Auto-Clustering Tables

The CLUSTER statement physically reorders data in a table based on a specified index. This sorted data can greatly reduce the scan range during queries, thereby improving query performance. However, physical reordering is a one-time operation. As the table data is updated, its physical order gradually degrades, requiring a database administrator to manually execute the CLUSTER command to re-optimize it.

To reduce manual maintenance, SynxDB Elastic provides an auto-clustering feature that automatically reorders tables physically.

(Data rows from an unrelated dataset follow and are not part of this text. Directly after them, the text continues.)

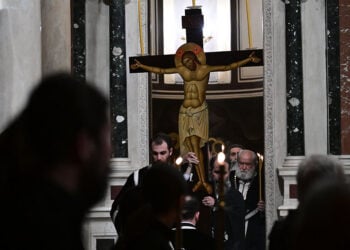 H Ακολουθία των Παθών στην Μητρόπολη Αθηνών
(φωτ.: EUROKINISSI / Τατιάνα Μπόλαρη)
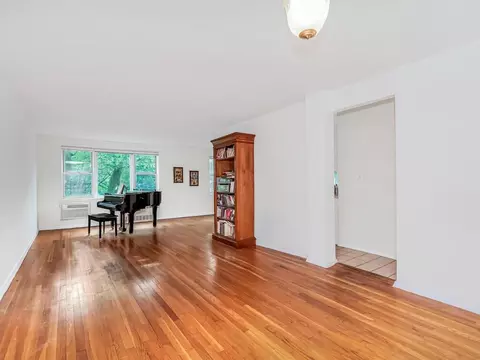 679 W 239th St #3J, New York City, NY 10463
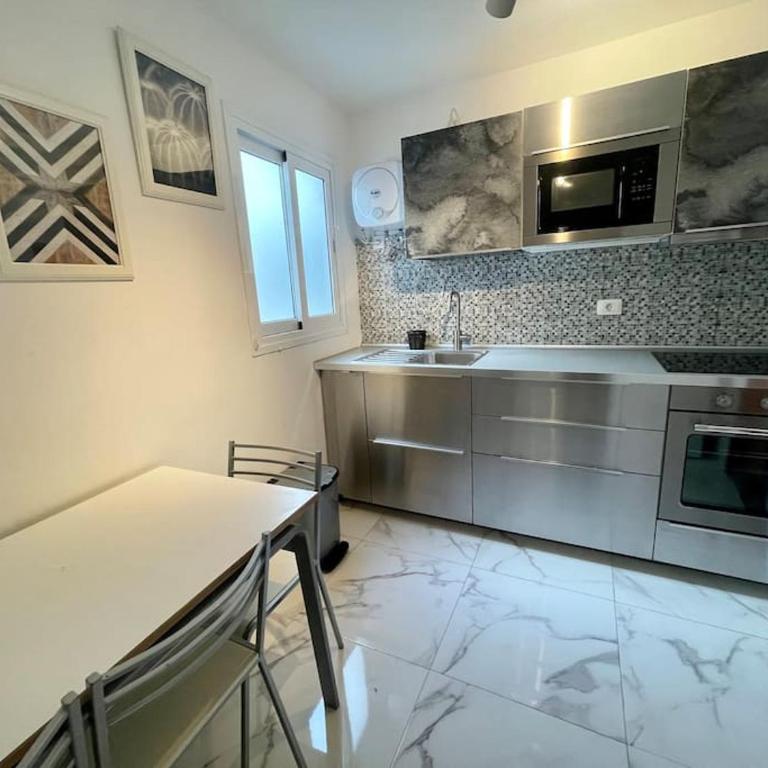New big flat with balcony 50mts away from beach Parking Optional - Apartamento de 1 dormitorio - 9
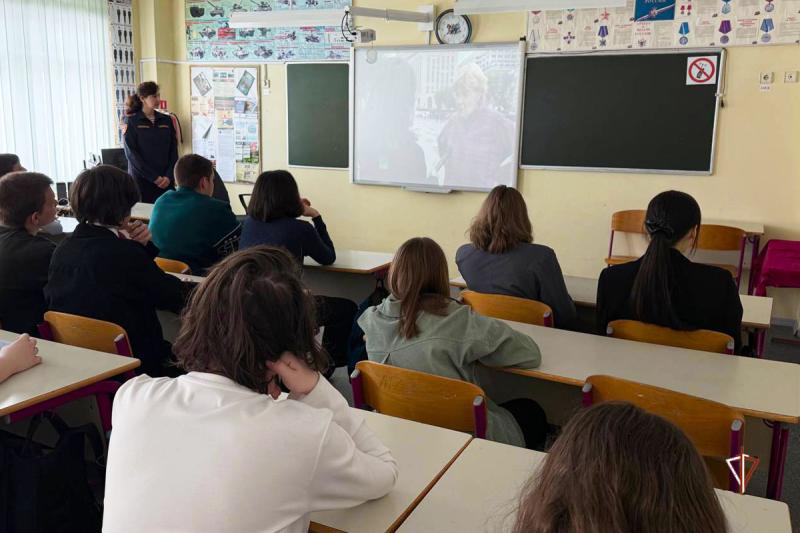 Офицер Росгвардии рассказала ямальским школьникам о героях и подвигах военных лет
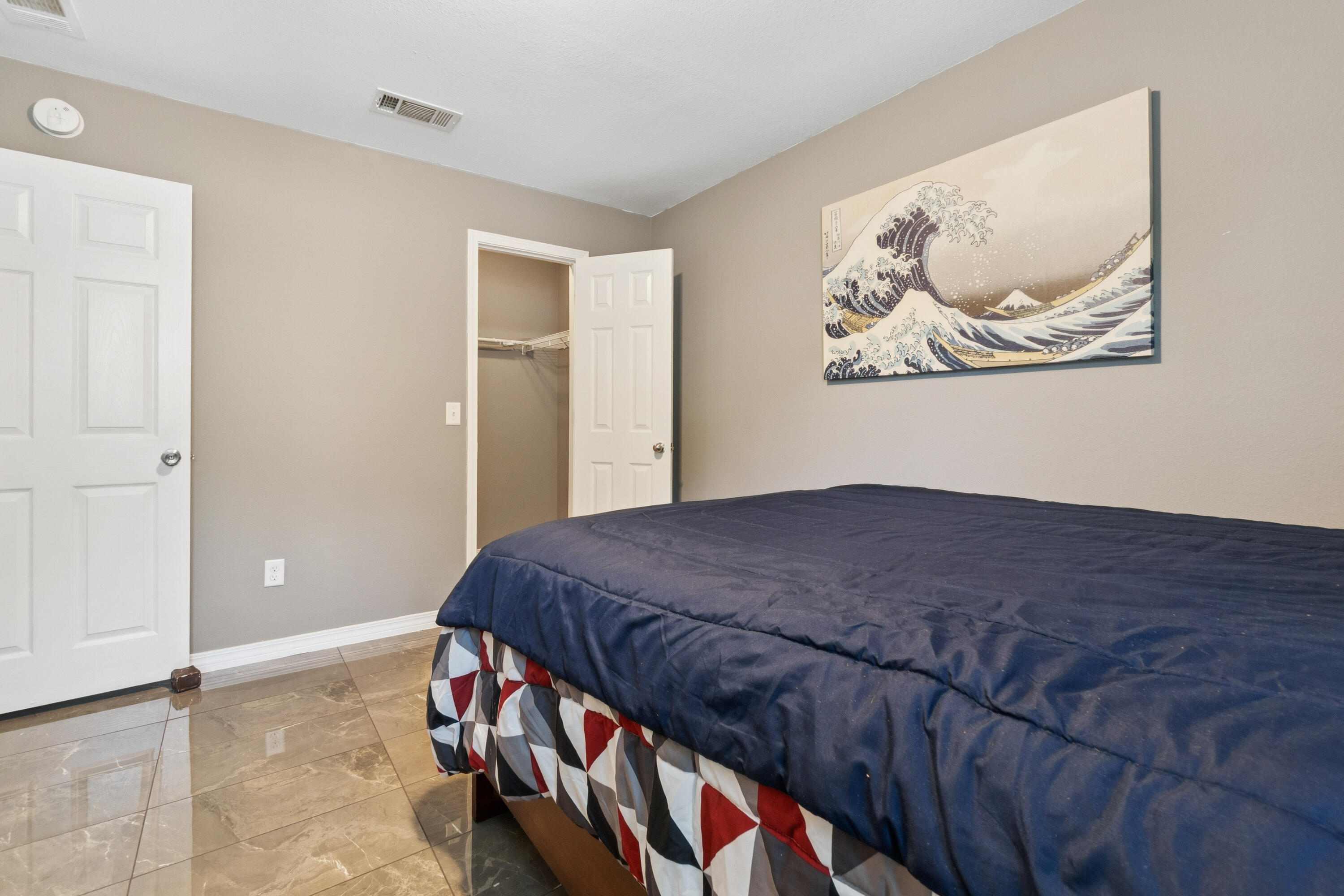 CRESCENT SHORES - Residential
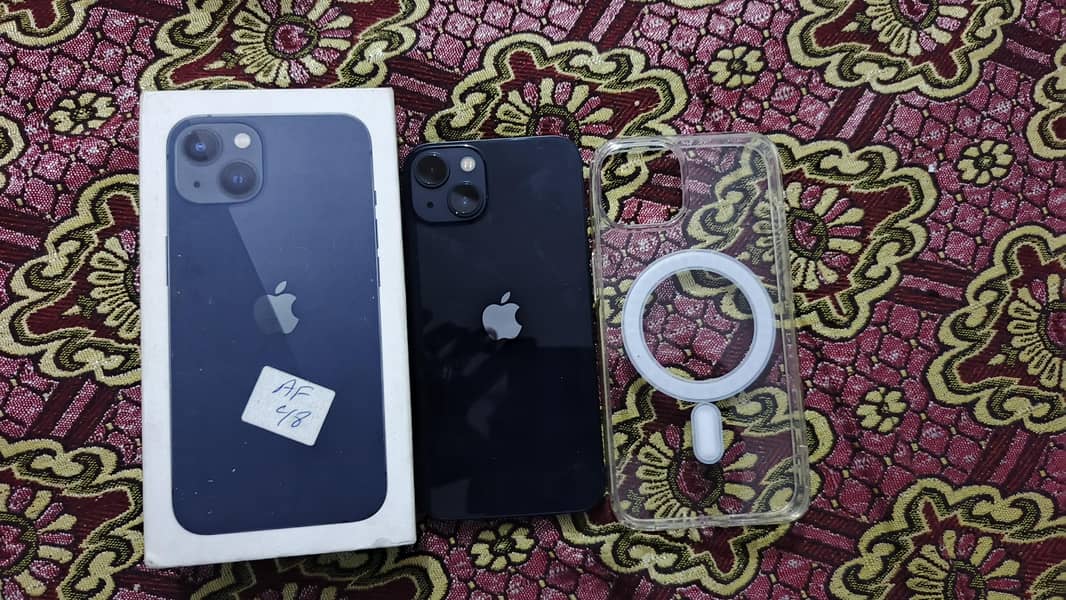 Apple iPhone 13 7
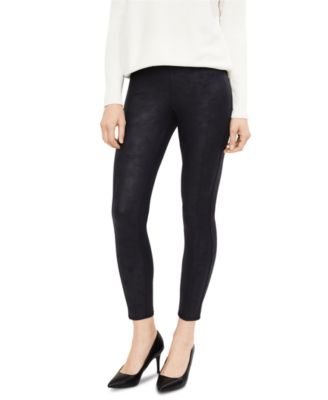 A Pea in the Pod - Post-Pregnancy Faux-Leather Leggings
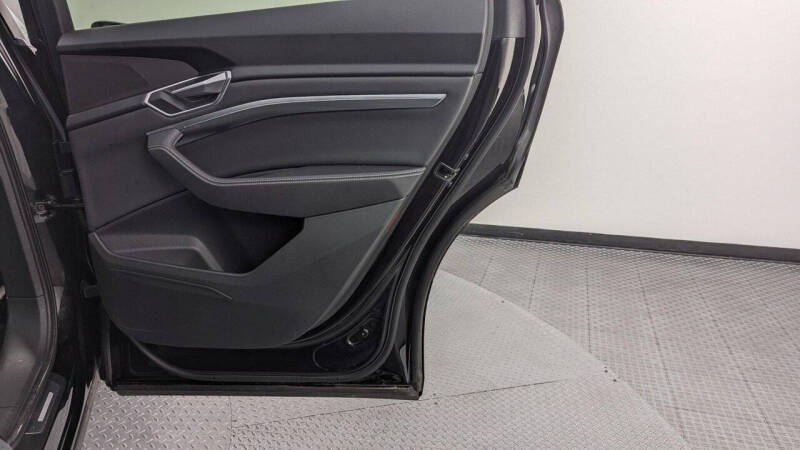 2023 Audi e-tron quattro Premium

This feature is enabled by default and uses a background service to periodically and automatically perform incremental CLUSTER operations on tables that require physical reordering, thus continuously maintaining an efficient physical data layout.

User value

You will mainly notice its presence and value in the following ways:

Improved query performance: If a query’s filter conditions can utilize the cluster key, the amount of data scanned is greatly reduced, leading to a notable increase in query speed.
Non-blocking write operations: The background reordering task runs concurrently with foreground write operations like INSERT and COPY, ensuring that they do not block each other and maintaining business continuity.
Background resource consumption: Auto-clustering consumes a certain amount of CPU, memory, and I/O. You can observe periodic resource usage peaks in the system through monitoring tools. The intensity and frequency of these peaks can be adjusted using global parameters.
Detailed logging: The database log records details of each reordering operation (such as the table operated on, time taken, and amount of data processed), providing a basis for performance evaluation and troubleshooting.

How to use

In most cases, you only need to define a cluster key for your table. You can also adjust or disable the feature using GUC parameters.

Step 1: Define a cluster key for the table

You need to explicitly specify the columns to be used for physical reordering (the cluster key) when creating (CREATE TABLE) or altering (ALTER TABLE) a table. The auto-clustering service only affects tables with an explicitly defined cluster key. If a table does not have a cluster key defined, the service will ignore the table.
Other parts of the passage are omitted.